Диадима сияла тончайшей сплошной сканью, золото, разбитое, плющеное, тянутое, спутанное в бесконечные узоры, сияло, блестело, переливалось всеми своими извивами, впадинами, гранями, листиками, выпуклостями, зернами, бесконечно множа, разбрасывая вокруг солнечный свет, превращая ровное сиянье дивного металла в пылающий недвижно костер. Это было само солнце, живое, могучее, завороженное неподвижно чудесной силой искусства и все же бурно изливающее потоки живого огня, солнечного оживляющего света.
И в этом клубе золотого света крупными искрами горели синие, зеленые, красные, алые самоцветы, тонущие в золотом блеске, но не теряющие, а усиливающие в нем цветные свои чистейшие души, залог бесконечной многоцветности солнечного мира, подобного роскошному хвосту павлина, возникающего из одного солнечного яйца. Великолепный изумруд глубокого цвета виноградного листа, всаженный в гнездо розово-переливчатых жемчугов, венчал сверху, правил всей этой многоцветной, сияющей живой роскошью, восходящей, словно солнце из тучи, из опушки почти черного, сверкающего нежной остью якутского соболя.
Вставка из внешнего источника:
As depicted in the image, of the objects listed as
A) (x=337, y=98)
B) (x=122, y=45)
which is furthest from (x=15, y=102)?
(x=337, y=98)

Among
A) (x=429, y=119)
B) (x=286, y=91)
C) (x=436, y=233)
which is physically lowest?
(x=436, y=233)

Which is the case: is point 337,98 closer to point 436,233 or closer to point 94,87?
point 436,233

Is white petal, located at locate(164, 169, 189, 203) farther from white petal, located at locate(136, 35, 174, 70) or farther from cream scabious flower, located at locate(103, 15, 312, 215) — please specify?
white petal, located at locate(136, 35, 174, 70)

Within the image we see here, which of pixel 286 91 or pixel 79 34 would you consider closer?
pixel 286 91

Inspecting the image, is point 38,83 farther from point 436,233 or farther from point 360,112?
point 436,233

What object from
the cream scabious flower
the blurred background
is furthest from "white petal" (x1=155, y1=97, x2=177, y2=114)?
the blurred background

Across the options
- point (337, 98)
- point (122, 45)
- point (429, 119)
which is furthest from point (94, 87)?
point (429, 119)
Старый художник Иван Юрьев переступил худыми ногами, кашлянул, поднял руку, сказал торжественно:
— Царская коруна! На целый свет кесарь!
Искусство греческого мастера творило чудо: казалось, стоило только надеть эту шапку-солнце на голову — и весь мир рухнет на колени, преклонится, лягут во прах и покинутая Вильна, и невзятая Варшава, и недоступный, гордый Краков, и твердокаменная Рига, да все земли Еуропы, и сам Царьград, и Иерусалим.
Обняв плечики надежи-сынка, стоял перед новым чудом царь. Им обоим, отцу и сыну, придется носить эту шапку, властвовать над всем миром.
— Ай, хороша! — выговорил царь наконец. — Дай-ка примерю, каково будет! Зеркало-то дайте, стряпчие…
Метнулись стряпчие, стольники, по расписанным сводам палаты сверкнул зайчик от весеннего солнца, принесенное зеркало поставили на поставец, и царь, вздев на себя новый великий убор, любовался собой в чистый венецианский хрусталь. А на него смотрела подобострастная толпа — меховая, волосатая, в золотных да бархатных шубах, гул льстивых одобрений носился по палате:
— Пристала! Ну как влитая!
Царь поворачивался перед зеркалом и так и эдак. Он был пьян от роскошного зрелища, упоен лестью, захвачен виденьями будущего. Все сейчас казалось таким легким и исполнимым. Да еще недавно довели до царя дьяки Тайного приказа из Польши, что сказывал там на сейме король Ян-Казимир, что московский царь вот-вот ворвется в республику Польскую, заберет у Польши все области с русским населением, великим княжеством Литовским. Разделена будет Польша — Великая Польша и Пруссия станут достоянием Бранденбургского дома, а Австрия заберет Краков с его землями…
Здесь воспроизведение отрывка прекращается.